In het ideale geval gebeuren de verschillende stappen - initiatie, propagatie en terminatie - achter elkaar. Na de initiatie zullen de polymeerketens gelijktijdig aangroeien met dezelfde snelheid, totdat alle monomeer is opgebruikt. Het gevolg is dat alle polymeerketens vrijwel even lang zijn, of anders gezegd: de polydispersiteit van het polymeer is bijna gelijk aan 1 (in het ideale geval zijn alle polymeerketens exact even lang en is de polydispersiteit gelijk aan 1, dit wil zeggen dat het polymeer monodispers is).
Met levende polymerisatie is het mogelijk om de distributie van de moleculaire massa binnen enge grenzen te houden. Door de hoeveelheid initiator t.o.v. de hoeveelheid monomeer te variëren kan men de lengte van de polymeerketens en daarmee ook de eigenschappen van het polymeer nauwkeurig regelen. Men noemt dit daarom ook "gecontroleerde polymerisatie" (controlled polymerization).
Levende polymerisatie maakt het mogelijk om het "design" van polymeren te sturen.

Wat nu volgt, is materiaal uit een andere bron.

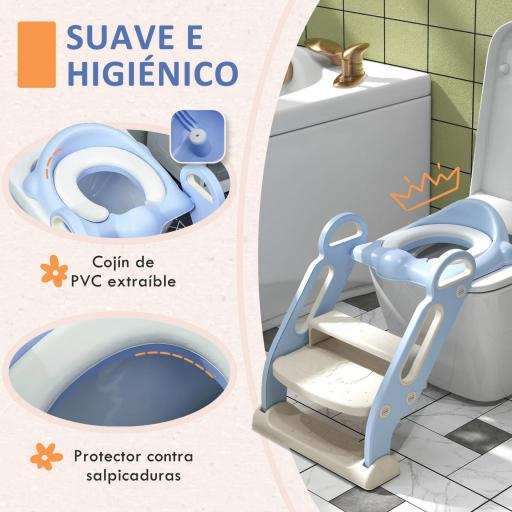 Adaptator WC para Niños con Escalera Plegable Reductor de Aprendizaje para Baño Portátil 67,9x42,8x51,5 cm Azul  [4]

Men kan de terminale groepen, zijgroepen, monomeervolgorde bij copolymeren of de sterische structuur beïnvloeden.
Pionier van de techniek van levende polymerisatie was de Brits-Amerikaanse polymeerchemicus Michael Szwarc (1909-2000), die ook de term "living polymers" bedacht. De eerste publicaties errond verschenen in 1956.[1]